Molecular Dynamics Study of Sapphire Polishing Considering Chemical Products

Abstract

The sapphire chemical mechanical polishing (CMP) process is complicated. The silicate products such as Al2SiO5 are produced during the polishing process. This paper applies molecular dynamics (MD) to study sapphire CMP process considering chemical products. The effects of Al2SiO5 on sapphire polishing as well as the polishing depth, speed and abrasive particle’s radius on the polishing of sapphire covered with Al2SiO5 were investigated by comparing polishing force, coefficient of friction (COF), temperature, removed atoms and subsurface quality. The results show that the Al2SiO5 film is beneficial to improving the removal rate and the subsurface quality of sapphire.
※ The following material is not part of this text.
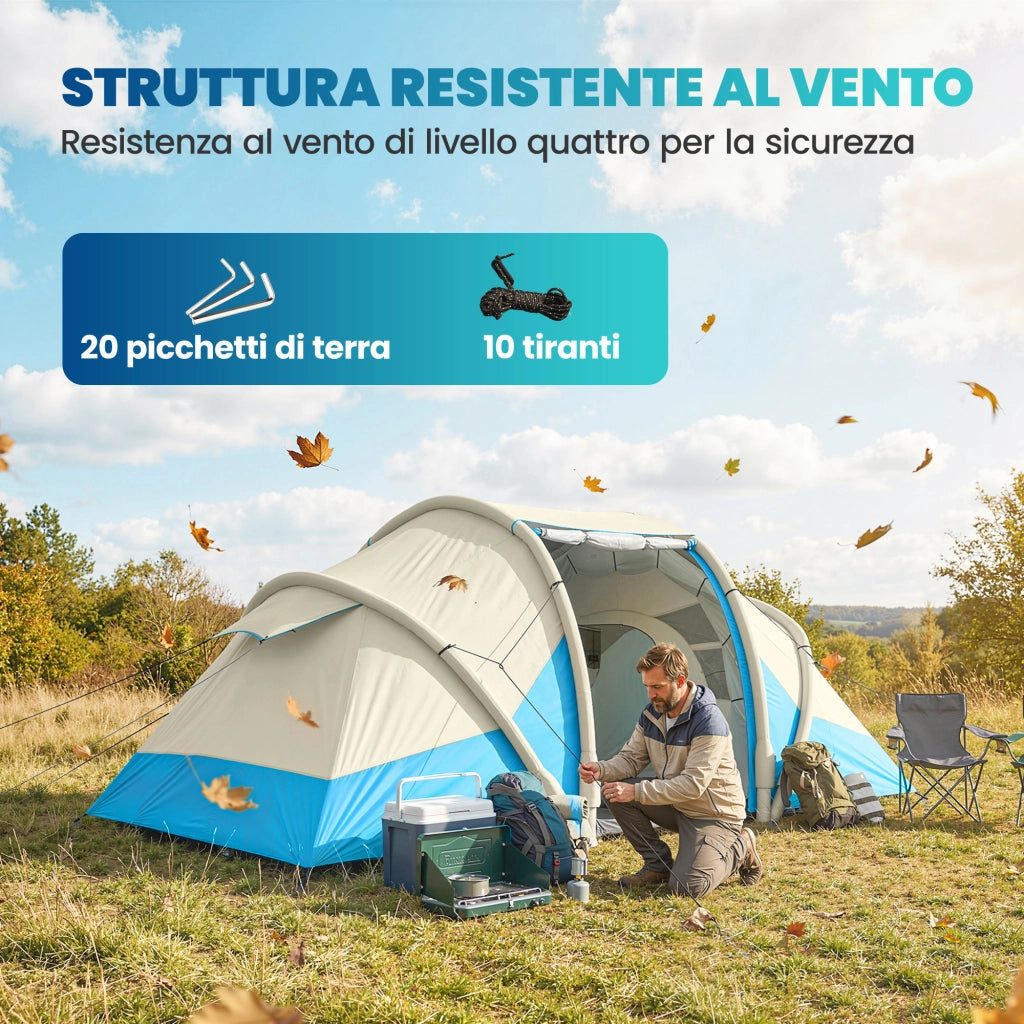 Tenda Gonfiabile-Tenda da campeggio, Facile da Montare, 4 Persone, 2 Camere da Letto, Blu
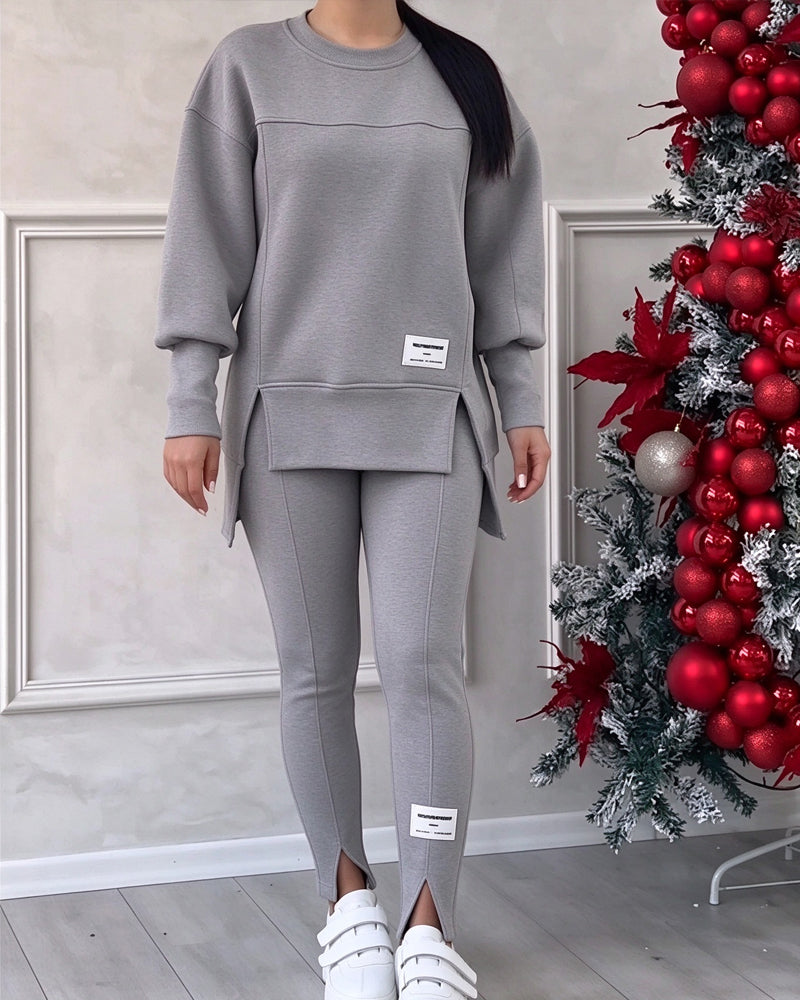 Ensemble Sweatshirt Imprimé Et Pantalon De Jogging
Increasing the polishing depth can raise the material removal rate, but will aggravate the subsurface damage. The balance of chemical products and polishing depth should be controlled to keep them equivalent during sapphire polishing to minimize subsurface damage. The temperature of the workpiece will rise and the polishing force will decline with the increasing polishing speed. The removed atoms become more but the subsurface damage fluctuates. As the radius of the particle increases, the COF decreases, and the subsurface quality first rises and then declines. The best polishing quality was obtained at 150 m s−1 and 40 Å.